I put an asterisk in the first sentence of the post, behind the title of the book, which was also a link to a vendor, hoping that it would draw the reader’s attention to the disclosure at the end.
Is my disclosure good enough? Probably not, based on my reading of the Federal Trade Commission’s .com Disclosures: How to Make Effective Disclosures in Digital Advertising (March 2013). The asterisk could encourage the reader to scroll to the bottom, but they would still have to scroll and there are many links along the way to divert their attention.
The most analogous example to book bloggers in the FTC’s publication is #21 (highlighting added):
The FTC explains why this disclosure is not clear and conspicuous: “there are several hyperlinks before [the] disclosure that could distract readers and cause them to click away before they get to the end of the post.”
So, disclosures should be unavoidable, preferably close to whatever the relevant piece of information is in the post. The top of the post is the best place.
The FTC’s publication also addresses endorsements through Twitter, which might affect bloggers who connect their posts directly to Twitter or use Twitter to endorse books, but I doubt it’s much of a concern for most book bloggers. The FTC’s clarification focuses on tweets by paid endorsers and those who must qualify their claims. There aren’t many of us in the book blogging world getting paid for this hobby, and there isn’t much we would need to qualify along the lines of the fake tweet at the top of this post.**
I hope it’s enough that in whatever medium we’re using, we follow the basic principles the FTC has outlined: be truthful, have evidence to back up our claims, and be fair in our advertising/endorsing.
So, what happens if we don’t disclose properly? To my knowledge, the FTC has not taken any action against endorsers, saying in June 2010, “If law enforcement becomes necessary, our focus will be advertisers, not endorsers – just as it’s always been.”

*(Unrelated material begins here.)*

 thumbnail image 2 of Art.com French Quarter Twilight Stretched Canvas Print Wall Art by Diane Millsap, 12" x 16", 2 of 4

Even though the FTC isn’t likely to go after the wee sardine in the big sea of deceptive advertising, it’s worth it for bloggers to keep these regulations in mind. Clear and conspicuous disclosures encourage credibility and build trust with our readers. Anyone who feels misled by a blog will stop reading it, and what’s the point of writing a blog that no one wants to read?

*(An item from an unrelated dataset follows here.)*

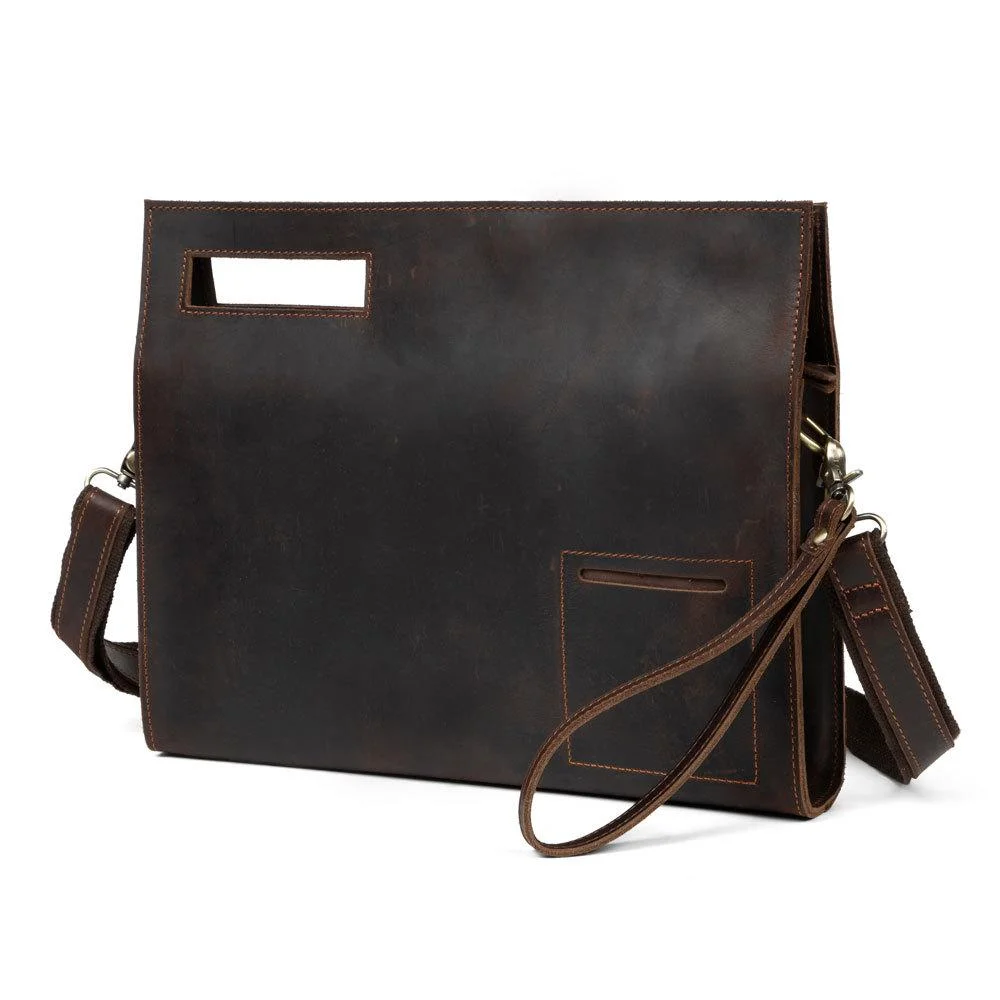 Men's Leather Should Bag A4 Size Briefcase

**By the way, BooksPlusMore has an amusing take on Anna Karenina in his recent post, Goosebooks: Attack of the Giant Novel.
***A note to bloggers outside of the United States: the FTC’s disclosure rules might apply to you. The FTC’s powers are very broad, and in 2006 Congress passed the Undertaking Spam, Spyware, And Fraud Enforcement With Enforcers beyond Borders Act (“U.S. SAFE WEB ACT”), which specifically said the FTC had the power to, in FTC’s own words, “challenge both frauds from abroad that harm U.S. consumers and frauds involving material conduct in the United States.” That said, the United States Supreme Court has been shying away from allowing U.S. courts to exercise jurisdiction over foreign parties that don’t specifically direct their conduct at the United States. This is just my two cents, not legal advice.